The National Organization for Marriage (NOM) plans to expand its campaign to stoke homophobia abroad to undermine pro-equality American companies, according to audio of a conference call obtained by The American Independent. When asked during the call about Starbucks, which had spoken out against anti-gay ballot referenda, NOM President Brian Brown suggested his organization planned to intensify its campaign against Starbucks and other similar companies in countries where homophobia is pervasive:

Their international outreach is where we can have the most effect…So for example, in Qatar, in the Middle East, we’ve begun working to make sure that there’s some price to be paid for this. These are not countries that look kindly on same-sex marriage. And this is where Starbucks wants to expand, as well as India. So we have done some of this; we’ve got to do a lot more.

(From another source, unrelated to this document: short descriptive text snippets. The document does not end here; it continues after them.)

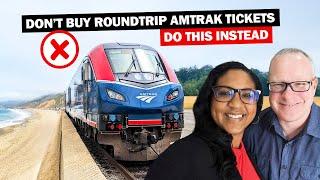 Don't Ever Book An Amtrak Round Trip Ticket | Amtrak Experts Explain Why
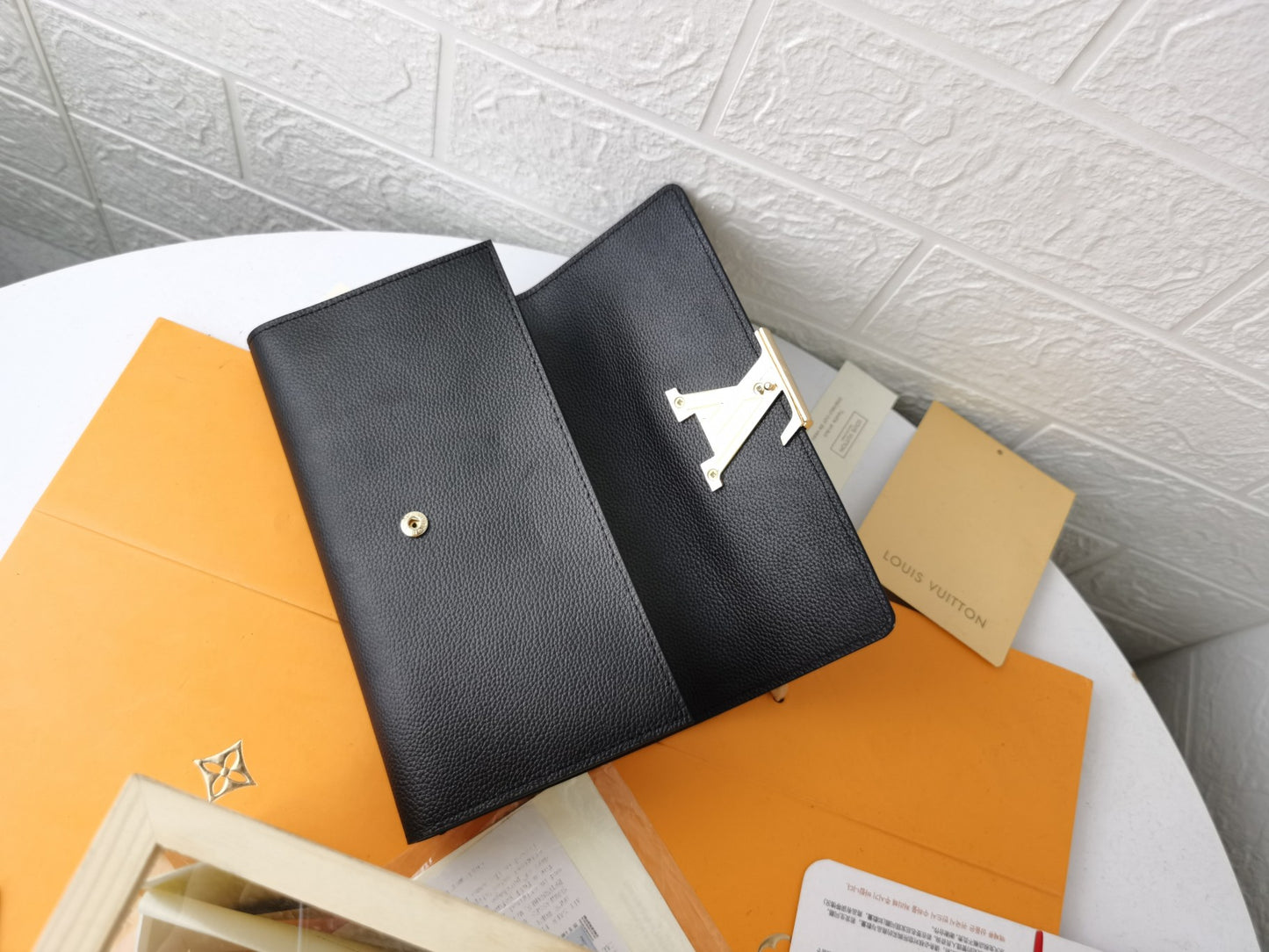 L Capucines new arrival wallet top quality size：19x 10cm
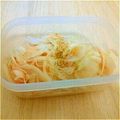 kurusupika's cooksnap of when they made 寿司酢で簡単！酢タマネギマリネ風.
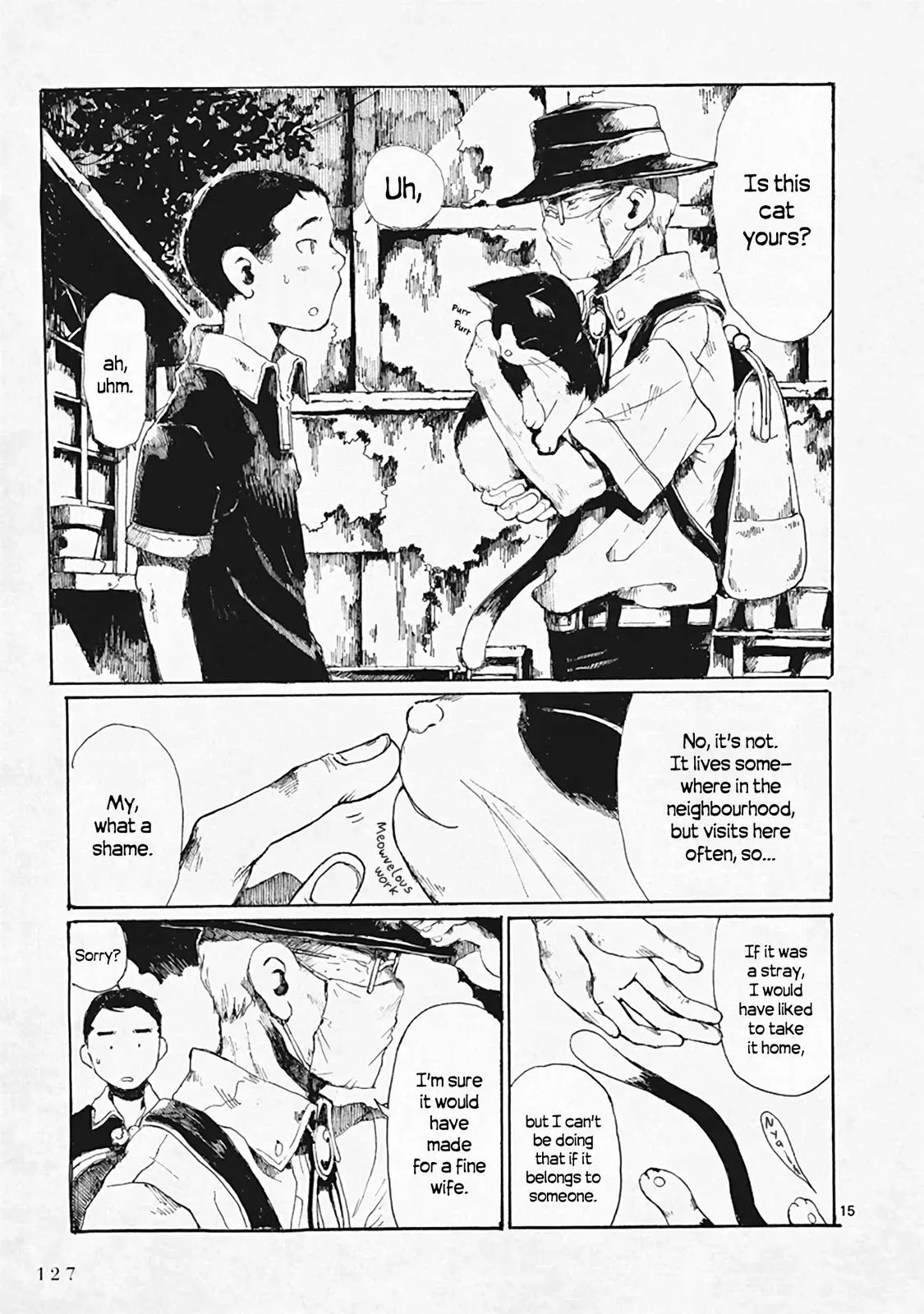 Doujin Sakka Collection - NAKAMURA Shouko Chapter 29 page 15 - 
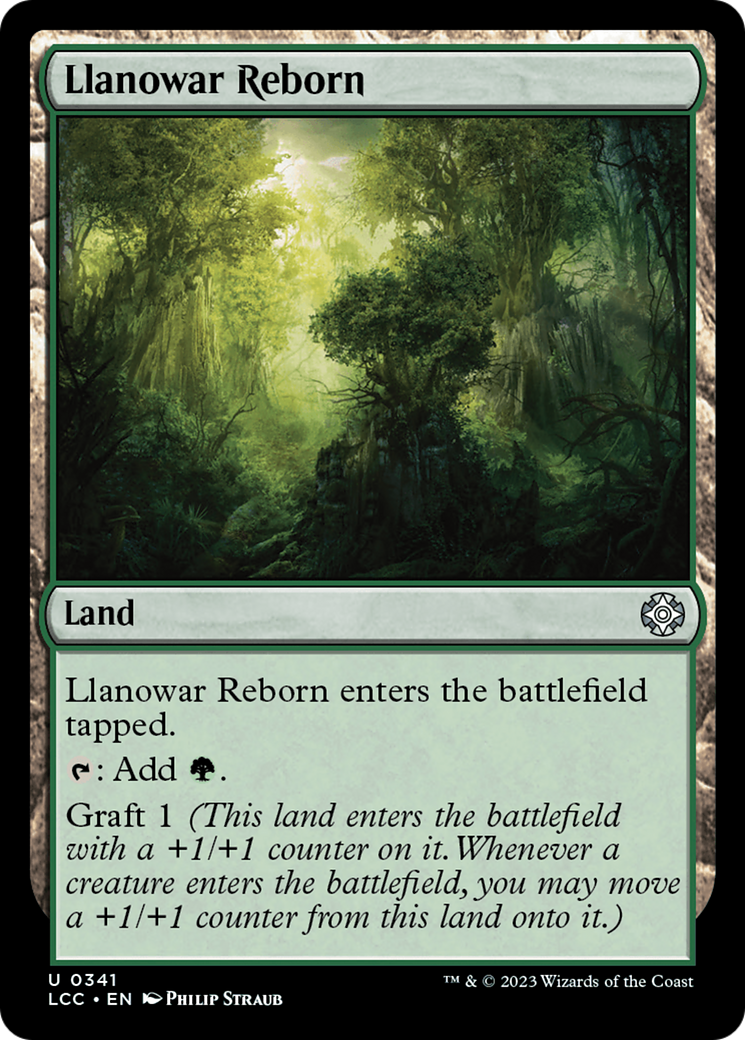 Llanowar Reborn [The Lost Caverns of Ixalan Commander] | Gear Gaming Bentonville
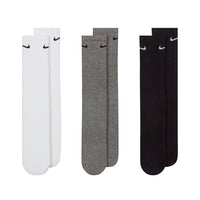 Everyday Cushioned Training Crew Socks (3 Pack) - Multicolor - Town City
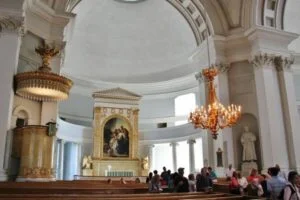 Interior of Helsinki Cathedral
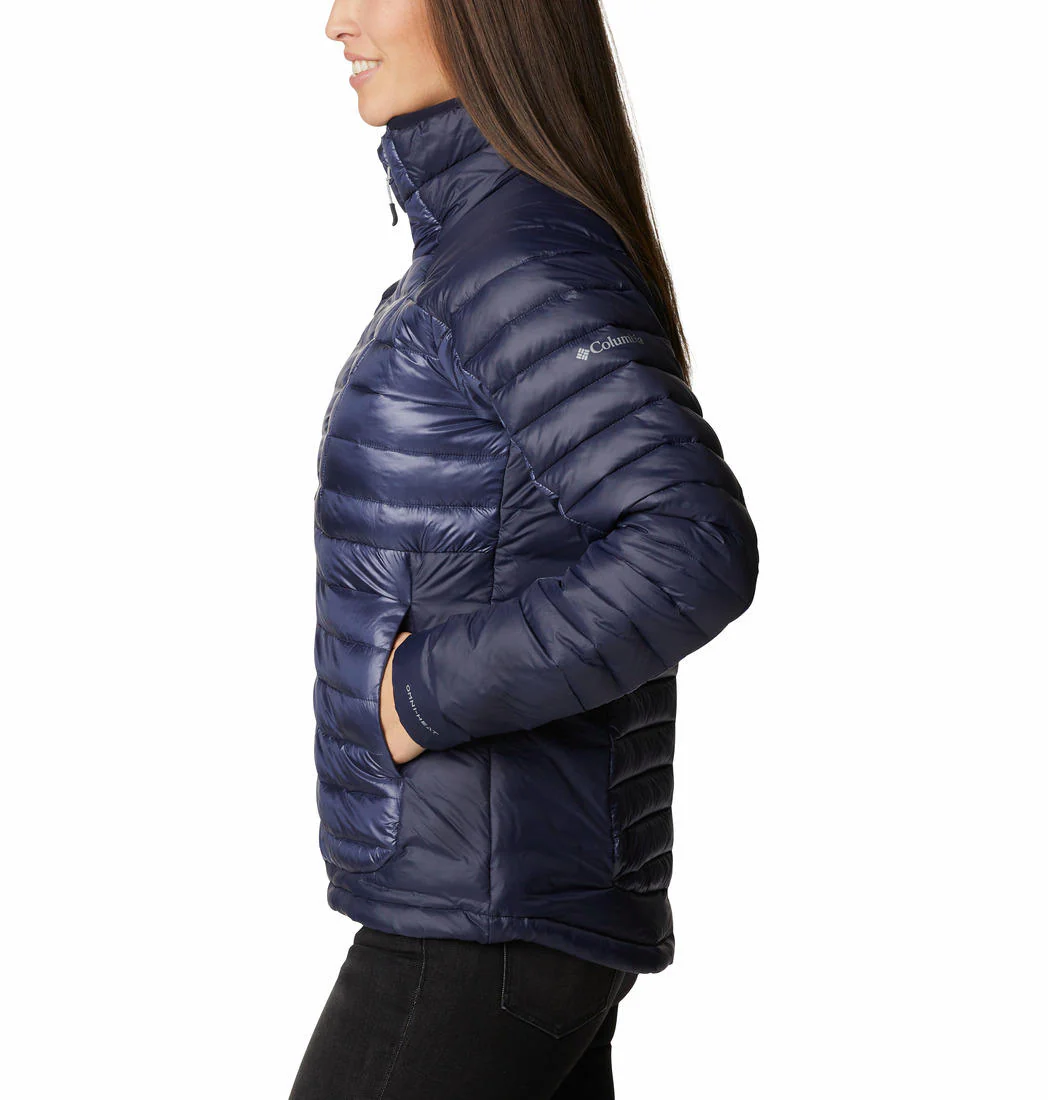 Columbia Women Navy Blue Labyrinth Loop Jacket - Image 2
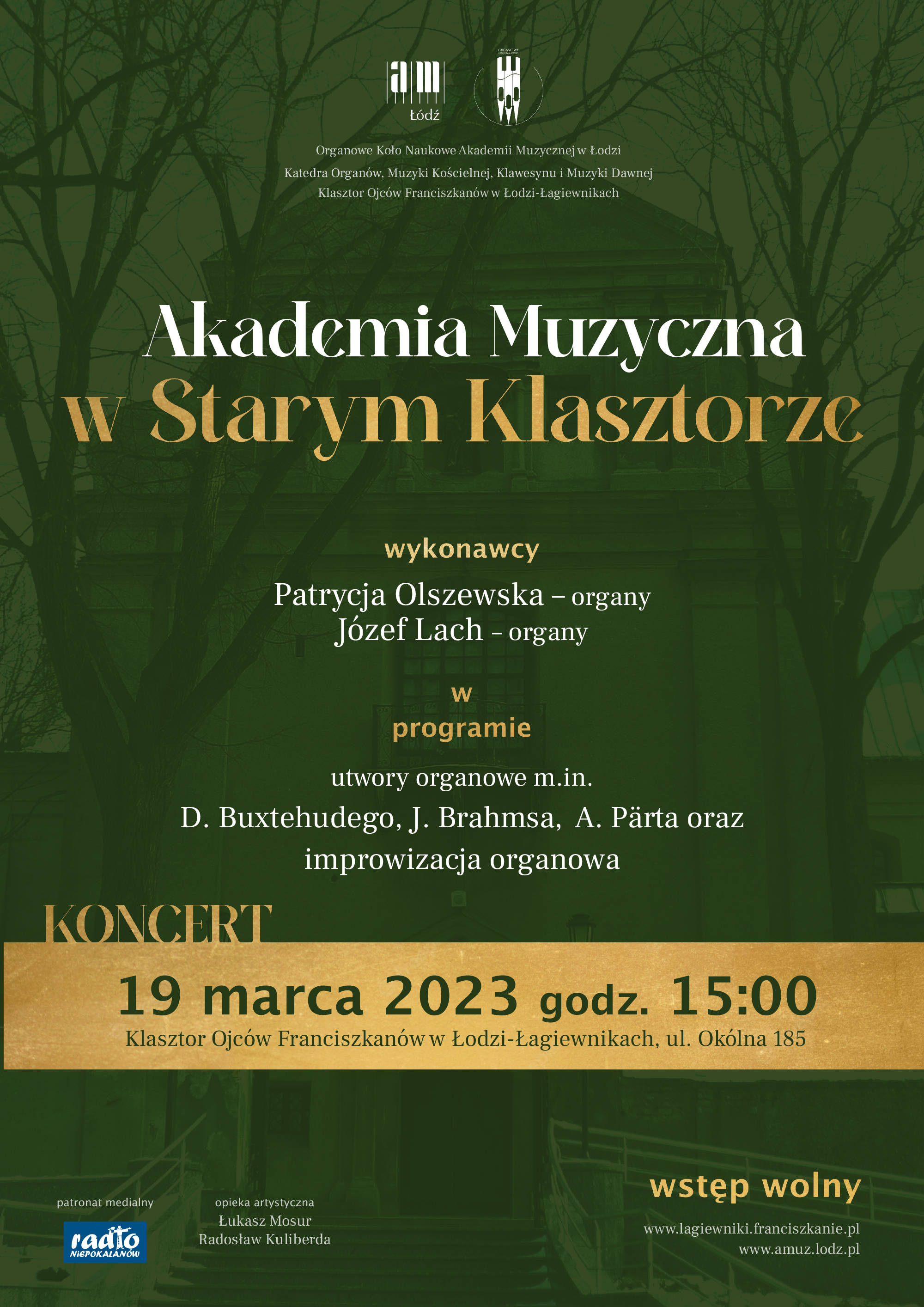 AKADEMIA MUZYCZNA W STARYM KLASZTORZE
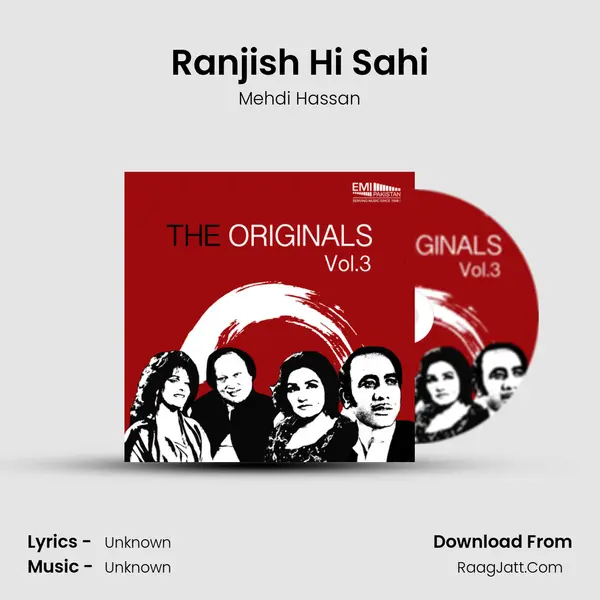 Ranjish Hi Sahi Cover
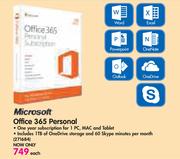 Microsoft Office 365 Personal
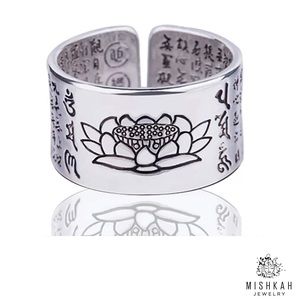 Restocked 🎉Adjustable Lotus Buddhist Chine…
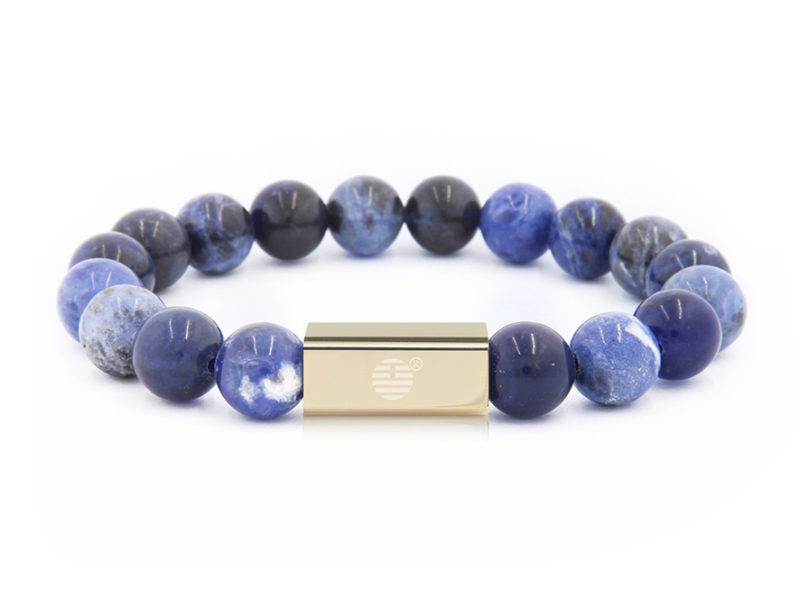 Sodalite-Gold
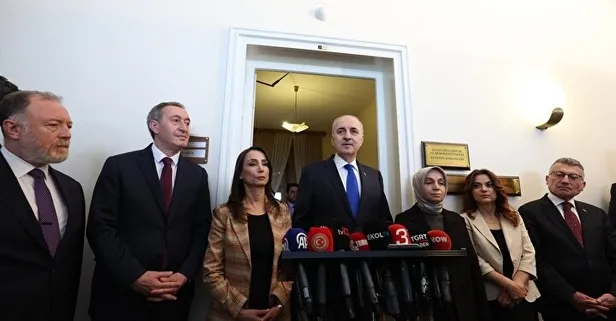 Komisyon raporu sonrası ilk! TBMM Başkanı Numan Kurtulmuş DEM'i kabul edecek: Yasal düzenleme süreci masada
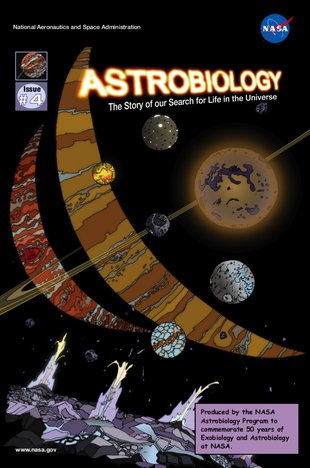 Issue #4 of Astrobiology: The Story of our Search for Life in the Solar System, Missions to the Outer Solar System.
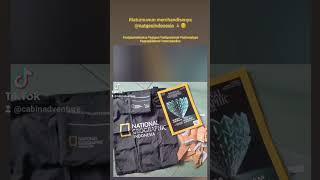 UNBOXING Merchandise National Geographic Indonesia, maturnuwun @natgeo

This strategy is incredibly irresponsible: by associating Starbucks with gay rights in homophobic countries, NOM is singling out Starbucks employees for anti-gay abuse and more generally stoking anger towards LGBT people. The broader Middle East is home to three out of the five countries in the world where homosexuality is punishable by death. Though Qatar specifically isn’t one of them, its government defends other countries’ right to execute LGBT persons and, according to the State Department, “there was an underlying pattern of discrimination towards LGBT persons based on conservative cultural and religious values prevalent in the society.” The situation in India, the other country NOM singled out, is also dire:

The majority of Indian homosexuals – many of whom still live with the parents – refer to their partners as “friends” for fear of being disowned by their families. Many are forcibly married off, trapped in a cycle of pretence and deception and facing social ridicule if they attempted to come out. And those who can live together do not advertise their sexuality, for fear of being evicted by landlords or preyed upon by the corrupt police who extort money from them on threat of exposure.

Under these circumstances, attempting to associate Starbucks with LGBT causes with said causes is doubly irresponsible. NOM is exposing employees to risk they did not voluntarily take on and potentially undermining the quest for the most basic of equal rights by painting LGBT rights as something foreign imposed by a Western company. That NOM is willing to take these chances with others’ lives and livelihoods — to “pay the price,” in Brown’s words — in an attempt to indirectly (and so far, unsucessfully) influence politics inside the United States speaks volumes about the organization.